The indictment named the individual; we use her initials, A.B.
Count one also alleged that "at the time of the commission of each of the acts of sexual abuse, [Henderson] was 17 years of age or older, and [A.B.] was a child younger than 14 years of age."
Henderson pleaded not guilty, and the case was tried to a jury.
A.B. was the State's first witness in the guilt-innocence phase. She was twenty years old at the time of trial and testified that Henderson, her father, abused her starting when she was age four and ending a couple of weeks before she went to a Job Corps program in Utah at the age of seventeen. She testified the abuse happened in Garland, Richardson, and Plano, Texas, locations where she lived between kindergarten and eleventh grade.
A.B. testified she lived in Garland when she was in kindergarten and first grade, in Richardson from second grade to fifth grade, and in Plano from sixth grade to eleventh grade.
A.B. testified that in the first incident she remembers, she was four years old, and Henderson took off her pants and put his mouth on her vagina, an act she described as Henderson putting his tongue between the two folds of her vagina and which she testified happened "very often" after that first incident. When asked how many times she would say Henderson put his mouth on her vagina, A.B. testified, "I can't count, sir." When asked if it was fair to say that because it happened so often that each individual time blends together in her mind, she said, "Yes."

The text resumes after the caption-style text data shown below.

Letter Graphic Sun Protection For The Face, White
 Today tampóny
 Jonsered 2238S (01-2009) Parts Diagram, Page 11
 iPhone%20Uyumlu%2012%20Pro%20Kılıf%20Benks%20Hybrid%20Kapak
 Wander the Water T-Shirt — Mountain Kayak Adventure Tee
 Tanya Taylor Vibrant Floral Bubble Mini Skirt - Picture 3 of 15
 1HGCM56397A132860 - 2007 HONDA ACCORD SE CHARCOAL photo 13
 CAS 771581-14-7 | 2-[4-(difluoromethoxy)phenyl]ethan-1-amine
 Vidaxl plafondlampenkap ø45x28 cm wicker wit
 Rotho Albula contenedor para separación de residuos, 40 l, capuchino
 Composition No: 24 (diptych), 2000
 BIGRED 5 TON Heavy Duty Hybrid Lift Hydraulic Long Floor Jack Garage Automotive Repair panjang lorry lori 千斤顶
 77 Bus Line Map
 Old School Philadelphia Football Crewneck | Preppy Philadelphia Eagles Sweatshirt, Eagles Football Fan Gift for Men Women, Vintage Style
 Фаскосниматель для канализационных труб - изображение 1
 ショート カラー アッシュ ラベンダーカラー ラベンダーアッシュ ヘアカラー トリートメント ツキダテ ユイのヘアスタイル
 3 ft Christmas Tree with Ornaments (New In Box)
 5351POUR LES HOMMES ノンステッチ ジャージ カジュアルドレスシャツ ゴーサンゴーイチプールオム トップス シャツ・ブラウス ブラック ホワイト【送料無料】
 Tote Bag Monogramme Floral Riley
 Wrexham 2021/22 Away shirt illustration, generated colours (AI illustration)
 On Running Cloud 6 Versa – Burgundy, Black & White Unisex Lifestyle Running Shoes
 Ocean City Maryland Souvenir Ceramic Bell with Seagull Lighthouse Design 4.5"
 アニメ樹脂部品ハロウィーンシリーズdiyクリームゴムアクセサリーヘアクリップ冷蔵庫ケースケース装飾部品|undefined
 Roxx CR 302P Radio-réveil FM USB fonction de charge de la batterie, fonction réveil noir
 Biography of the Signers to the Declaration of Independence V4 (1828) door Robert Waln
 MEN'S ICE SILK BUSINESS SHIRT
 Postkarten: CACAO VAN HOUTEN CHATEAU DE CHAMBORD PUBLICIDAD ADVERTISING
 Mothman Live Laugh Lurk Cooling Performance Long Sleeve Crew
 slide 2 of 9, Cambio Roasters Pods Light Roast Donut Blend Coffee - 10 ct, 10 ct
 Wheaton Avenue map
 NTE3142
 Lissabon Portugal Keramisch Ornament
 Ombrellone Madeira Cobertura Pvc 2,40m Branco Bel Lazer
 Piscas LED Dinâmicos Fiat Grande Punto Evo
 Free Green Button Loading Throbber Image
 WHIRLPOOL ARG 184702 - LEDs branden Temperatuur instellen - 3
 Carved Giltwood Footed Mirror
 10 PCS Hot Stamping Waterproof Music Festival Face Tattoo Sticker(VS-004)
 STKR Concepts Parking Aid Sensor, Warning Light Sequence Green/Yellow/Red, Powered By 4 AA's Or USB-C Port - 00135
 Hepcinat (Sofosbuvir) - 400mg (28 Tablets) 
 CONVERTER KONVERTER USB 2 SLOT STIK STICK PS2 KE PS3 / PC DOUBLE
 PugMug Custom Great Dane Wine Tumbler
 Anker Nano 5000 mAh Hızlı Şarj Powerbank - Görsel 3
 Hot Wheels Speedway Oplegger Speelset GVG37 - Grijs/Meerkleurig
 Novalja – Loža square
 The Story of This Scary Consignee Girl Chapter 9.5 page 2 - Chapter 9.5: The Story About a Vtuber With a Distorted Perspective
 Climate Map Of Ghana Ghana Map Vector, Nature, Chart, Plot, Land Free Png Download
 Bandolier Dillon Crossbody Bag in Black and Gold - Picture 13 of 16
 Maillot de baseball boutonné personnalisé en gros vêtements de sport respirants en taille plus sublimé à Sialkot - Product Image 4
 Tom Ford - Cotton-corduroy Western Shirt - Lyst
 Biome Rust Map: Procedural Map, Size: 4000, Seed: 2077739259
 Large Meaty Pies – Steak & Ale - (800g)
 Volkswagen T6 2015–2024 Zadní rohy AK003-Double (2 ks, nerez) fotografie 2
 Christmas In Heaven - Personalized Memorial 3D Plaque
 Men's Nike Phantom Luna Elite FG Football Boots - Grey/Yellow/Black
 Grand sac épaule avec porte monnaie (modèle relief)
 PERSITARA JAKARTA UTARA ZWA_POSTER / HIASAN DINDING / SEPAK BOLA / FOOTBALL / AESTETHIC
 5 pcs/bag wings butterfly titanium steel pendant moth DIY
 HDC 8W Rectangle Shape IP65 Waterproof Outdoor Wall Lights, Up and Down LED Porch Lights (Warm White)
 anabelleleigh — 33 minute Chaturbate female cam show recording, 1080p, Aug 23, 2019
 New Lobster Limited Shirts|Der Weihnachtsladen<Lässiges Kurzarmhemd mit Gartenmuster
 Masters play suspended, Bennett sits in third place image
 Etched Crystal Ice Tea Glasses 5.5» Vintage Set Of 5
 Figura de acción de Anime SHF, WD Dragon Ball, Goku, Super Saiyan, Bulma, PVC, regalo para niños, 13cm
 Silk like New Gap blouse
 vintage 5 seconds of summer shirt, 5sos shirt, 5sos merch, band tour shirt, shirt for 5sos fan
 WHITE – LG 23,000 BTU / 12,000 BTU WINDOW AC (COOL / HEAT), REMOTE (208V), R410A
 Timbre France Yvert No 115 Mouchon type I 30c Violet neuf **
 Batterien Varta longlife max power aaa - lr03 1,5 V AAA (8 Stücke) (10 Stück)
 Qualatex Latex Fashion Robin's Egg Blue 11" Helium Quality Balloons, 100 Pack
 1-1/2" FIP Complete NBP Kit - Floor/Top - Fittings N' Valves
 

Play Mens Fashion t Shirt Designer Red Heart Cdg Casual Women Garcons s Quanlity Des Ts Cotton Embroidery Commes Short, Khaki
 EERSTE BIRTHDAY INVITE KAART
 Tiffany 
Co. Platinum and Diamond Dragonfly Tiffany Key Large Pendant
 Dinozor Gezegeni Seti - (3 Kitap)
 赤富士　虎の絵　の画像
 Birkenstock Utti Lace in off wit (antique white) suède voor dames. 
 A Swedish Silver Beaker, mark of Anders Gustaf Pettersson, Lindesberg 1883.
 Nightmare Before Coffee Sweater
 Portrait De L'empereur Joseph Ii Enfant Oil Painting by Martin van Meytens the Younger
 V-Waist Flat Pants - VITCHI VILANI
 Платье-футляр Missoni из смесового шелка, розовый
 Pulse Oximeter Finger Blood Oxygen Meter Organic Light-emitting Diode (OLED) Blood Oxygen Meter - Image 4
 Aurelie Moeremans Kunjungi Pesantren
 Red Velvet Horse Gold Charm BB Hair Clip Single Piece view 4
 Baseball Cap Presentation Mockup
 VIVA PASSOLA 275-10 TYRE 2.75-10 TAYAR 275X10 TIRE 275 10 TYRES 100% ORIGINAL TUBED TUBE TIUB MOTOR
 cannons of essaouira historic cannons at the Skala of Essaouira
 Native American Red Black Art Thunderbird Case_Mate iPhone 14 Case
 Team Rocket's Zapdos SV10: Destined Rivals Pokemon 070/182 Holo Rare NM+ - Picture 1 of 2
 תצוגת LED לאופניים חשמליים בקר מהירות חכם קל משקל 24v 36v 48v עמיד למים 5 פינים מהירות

A.B. testified the "most common thing" Henderson would do was to have her put her mouth on his "private." This started in Garland when she was very, very young and happened in Richardson and in Plano as well. When asked about the frequency of such incidents, A.B. testified that "it seemed like every day" and "it always seemed like it was constant." She described how those events happened, starting with him pulling his penis out of his pants, grabbing her hands and putting them on his penis, pushing her head to his penis, her putting his mouth around his penis, and with Henderson putting a hand on her head and moving her head back and forth on his penis, activity that would stop when he ejaculated in her mouth, and she would then spit it out.
A.B. identified Henderson's "private" as the body part he would use to pee.
A.B. testified the "second most" common thing Henderson did was to use his hands to touch her vagina, starting in Garland and happening in Richardson and Plano as well. The first time she could remember Henderson touching her vagina with his hands was around the time she was four years old. She described this as "going on basically the whole time" and as being "skin to skin" and "on the inside" of her vagina, and Henderson would move his fingers "in and out." She described an incident when this happened and his fingernails cut the inside of her vagina and caused her to bleed. She also described an incident in the bathroom in the Richardson house, sometime between the time she was in second to fifth grade. In that incident, A.B. was taking a bath, and Henderson walked in, said he was going to help her clean up, and after he helped her clean, he put his fingers in her vagina and then left the bathroom.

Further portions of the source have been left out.